### Task directions
Could you give the data below again exactly, apart from the pictures?

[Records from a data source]
▼
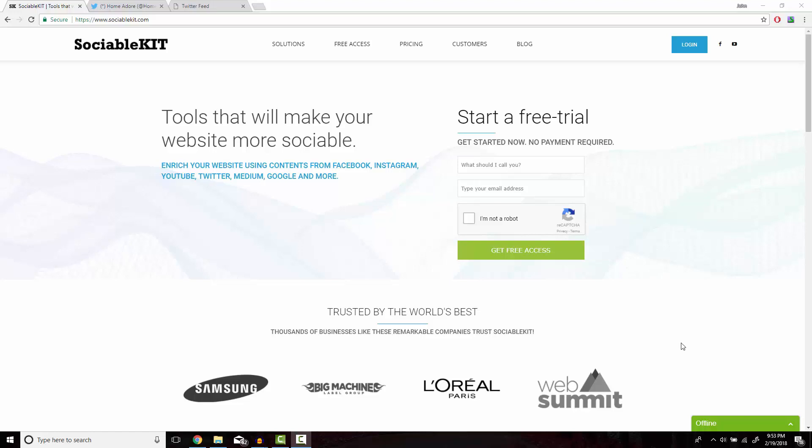Hello, thank you for tuning in. In this video, I'm going to show you how to embed Facebook videos onto your website using the fast and simple SociableKit.com.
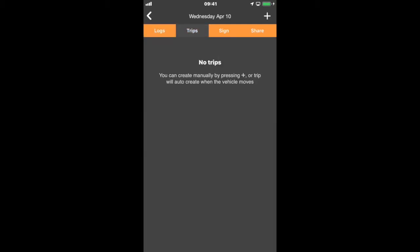I'm going to select that. Right now it shows no trips have been created. Trips can be created either manually with the plus sign in the upper right, or automatically when you start drive connected.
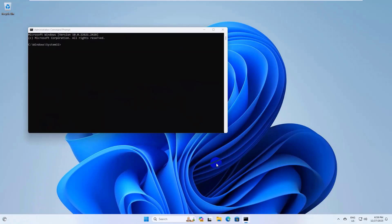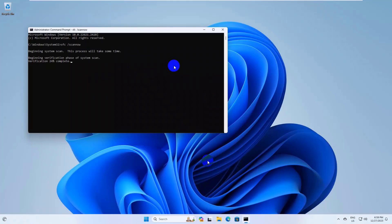After opening the command prompt, type the command sfc space slash scannow. Press Enter. Please wait, it will take some time.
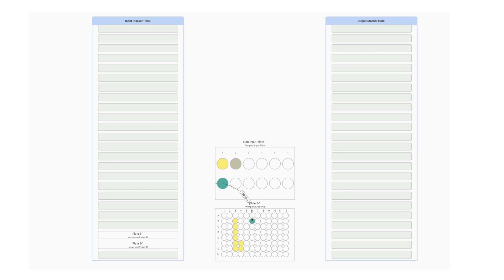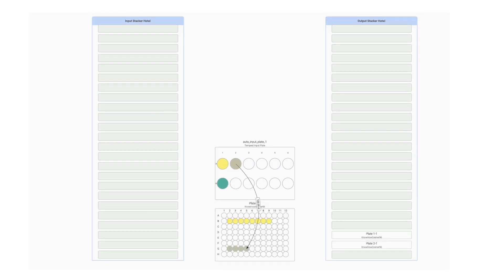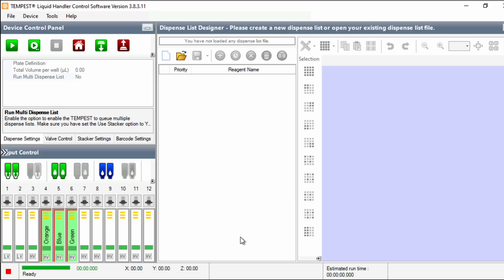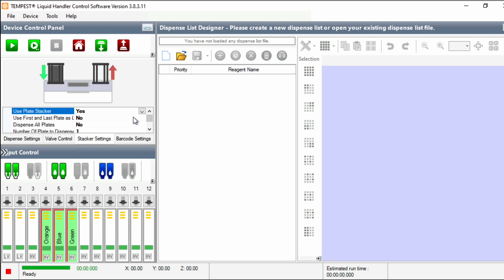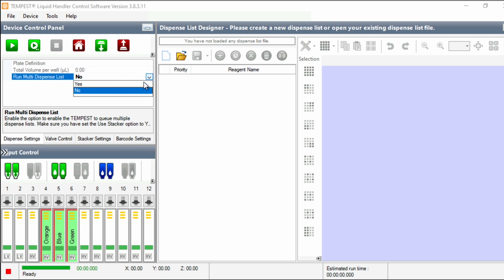In the Synthase workflow we made earlier, we chose to dispense onto three plates using the plate stacker, so first we'll need to enable the plate stacker. Go to the Stacker Settings tab and select Yes from the dropdown. Then back on the Dispense Settings tab, next to Run Multi Dispense List, select Yes from the dropdown.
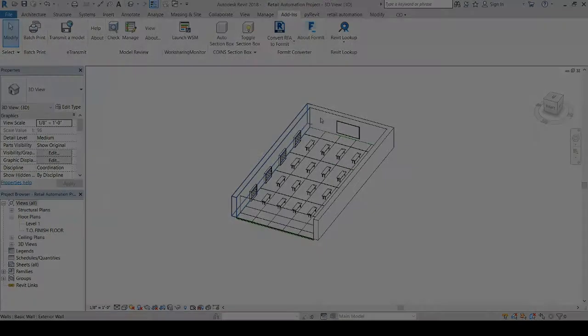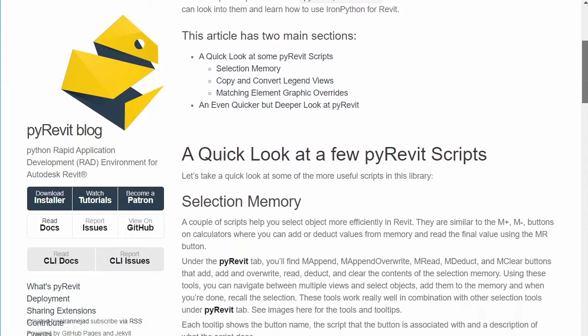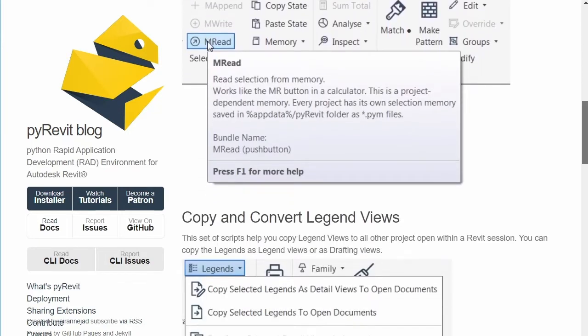Unfortunately, much of the Revit API documentation is optimized for C# development, and a lot of the information and resources are for programmers in that language. But fortunately for us, there are other resources out there that document Revit API development in Python, and so the goal of this course is to aggregate that information into one place and teach you how to build a plugin from start to finish using Python and the Revit API.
▲
### Answer to the exercise
Hello, thank you for tuning in. In this video, I'm going to show you how to embed Facebook videos onto your website using the fast and simple SociableKit.com.
I'm going to select that. Right now it shows no trips have been created. Trips can be created either manually with the plus sign in the upper right, or automatically when you start drive connected.
After opening the command prompt, type the command sfc space slash scannow. Press Enter. Please wait, it will take some time.
In the Synthase workflow we made earlier, we chose to dispense onto three plates using the plate stacker, so first we'll need to enable the plate stacker. Go to the Stacker Settings tab and select Yes from the dropdown. Then back on the Dispense Settings tab, next to Run Multi Dispense List, select Yes from the dropdown.
Unfortunately, much of the Revit API documentation is optimized for C# development, and a lot of the information and resources are for programmers in that language. But fortunately for us, there are other resources out there that document Revit API development in Python, and so the goal of this course is to aggregate that information into one place and teach you how to build a plugin from start to finish using Python and the Revit API.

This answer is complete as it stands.